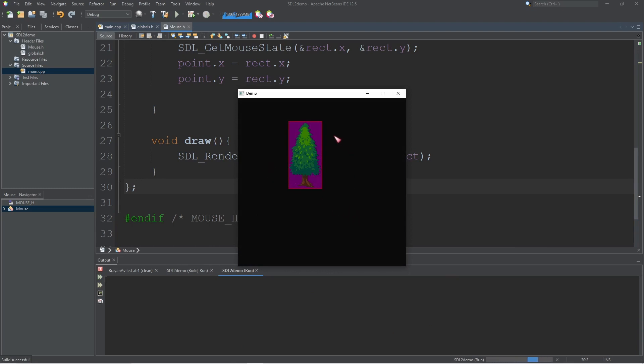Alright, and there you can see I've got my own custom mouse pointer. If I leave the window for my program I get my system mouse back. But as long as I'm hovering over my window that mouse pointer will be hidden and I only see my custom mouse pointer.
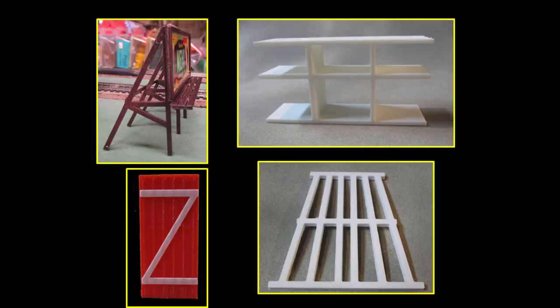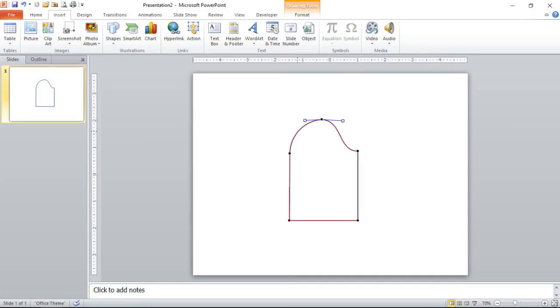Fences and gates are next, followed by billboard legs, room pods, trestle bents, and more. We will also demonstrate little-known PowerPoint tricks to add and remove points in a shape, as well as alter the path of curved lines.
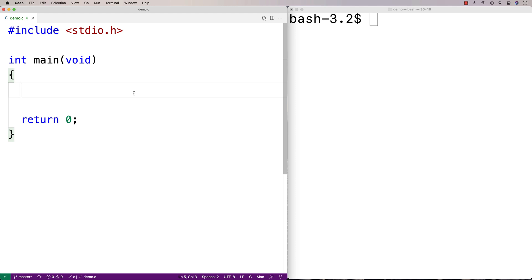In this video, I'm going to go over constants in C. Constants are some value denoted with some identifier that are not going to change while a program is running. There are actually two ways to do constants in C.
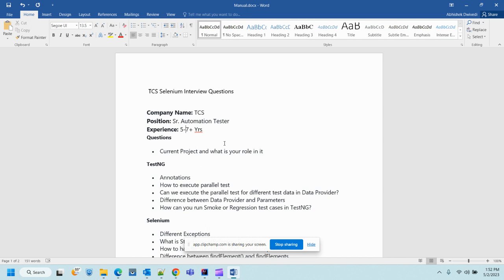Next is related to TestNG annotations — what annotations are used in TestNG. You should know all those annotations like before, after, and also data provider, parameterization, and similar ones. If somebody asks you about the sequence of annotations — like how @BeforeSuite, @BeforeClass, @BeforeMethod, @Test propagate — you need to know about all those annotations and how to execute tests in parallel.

---

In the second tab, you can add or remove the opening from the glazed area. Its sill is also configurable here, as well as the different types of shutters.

* * *

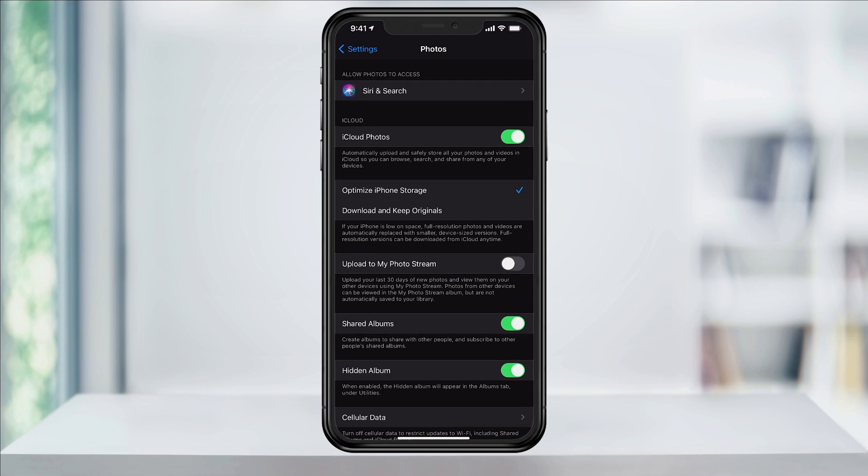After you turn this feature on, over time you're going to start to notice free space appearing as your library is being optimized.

• **DIRECTIONS**:
In the listing above, find the line with "In this video, I'm" and output it and every line after it up to and including the line with "Next is related", exactly, minus the pictures.

• **YOUR SOLUTION**:
In this video, I'm going to go over constants in C. Constants are some value denoted with some identifier that are not going to change while a program is running. There are actually two ways to do constants in C.
Next is related to TestNG annotations — what annotations are used in TestNG. You should know all those annotations like before, after, and also data provider, parameterization, and similar ones. If somebody asks you about the sequence of annotations — like how @BeforeSuite, @BeforeClass, @BeforeMethod, @Test propagate — you need to know about all those annotations and how to execute tests in parallel.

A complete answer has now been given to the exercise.